Sentenza Sentenza Cassazione Civile n. 23746 del 02/09/2021

Cassazione civile sez. I, 02/09/2021, (ud. 11/09/2020, dep. 02/09/2021), n.23746

LA CORTE SUPREMA DI CASSAZIONE

SEZIONE PRIMA CIVILE

Composta dagli Ill.mi Sigg.ri Magistrati:

Dott. SAN GIORGIO Maria Rosaria – Presidente –

Dott. MELONI Marina – Consigliere –

Dott. VANNUCCI Marco – rel. Consigliere –

Dott. PARISE Clotilde – Consigliere –

Dott. RUSSO Rita – Consigliere –

ha pronunciato la seguente:

ORDINANZA

sul ricorso n. 3947/2018 proposto da:

R.A., elettivamente domiciliato in Roma, Via Quinto Aurelio

Simmaco n. 7, presso lo studio dell’avvocato Giovanni Neri, che lo

rappresenta e difende, per procura speciale estesa in calce al

ricorso;

– ricorrente –

contro

Ministero dell’Interno, in persona del ministro pro tempore,

domiciliato in Roma, via dei Portoghesi n. 12, presso gli uffici

dell’Avvocatura generale dello Stato, che per legge lo rappresenta e

difende;

– controricorrente –

avverso il decreto del Giudice di Pace di Roma, depositato il 20

luglio 2017;

udita la relazione della causa svolta nella camera di consiglio del

11 settembre 2020 dal relatore Dott. Marco Vannucci.

 

Fatto

FATTI DI CAUSA

1. Con decreto del 20 luglio 2017 il Giudice di Pace di Roma convalidò il decreto emesso dal Questore di Roma il 17 luglio 2017 con cui si ordinò a R.A. (di nazionalità bangladina) di consegnare il proprio passaporto o altro documento equipollente e di presentarsi presso l’Ufficio Stranieri della Questura di Roma nei giorni in tale atto amministrativo indicati.

2. Per la cassazione di tale sentenza R. propose ricorso contenente un motivo di impugnazione.

3. Il Ministero dell’Interno resiste con controricorso.

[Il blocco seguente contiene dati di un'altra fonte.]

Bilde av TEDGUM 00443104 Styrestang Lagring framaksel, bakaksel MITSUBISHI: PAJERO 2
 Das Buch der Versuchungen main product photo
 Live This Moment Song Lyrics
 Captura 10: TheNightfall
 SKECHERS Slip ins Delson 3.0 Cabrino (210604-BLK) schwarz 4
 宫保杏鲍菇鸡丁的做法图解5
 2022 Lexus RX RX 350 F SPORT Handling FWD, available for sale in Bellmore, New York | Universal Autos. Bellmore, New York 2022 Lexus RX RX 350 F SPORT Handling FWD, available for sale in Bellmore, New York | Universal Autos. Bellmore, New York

4. Con ordinanza interlocutoria n. 26948 del 22 ottobre 2019 il giudizio è stato rinviato a nuovo ruolo, in attesa della decisione della Corte costituzionale relativa alla conformità agli artt. 13 e 24 Cost. del D.Lgs. n. 286 del 1998, art. 14, comma 1-bis, nella parte in cui non prevede che il giudizio di convalida della misura dell’obbligo di presentazione presso un ufficio della forza pubblica si svolga in udienza, con la partecipazione necessaria del difensore di fiducia o, in caso di mancata nomina, di un difensore di ufficio.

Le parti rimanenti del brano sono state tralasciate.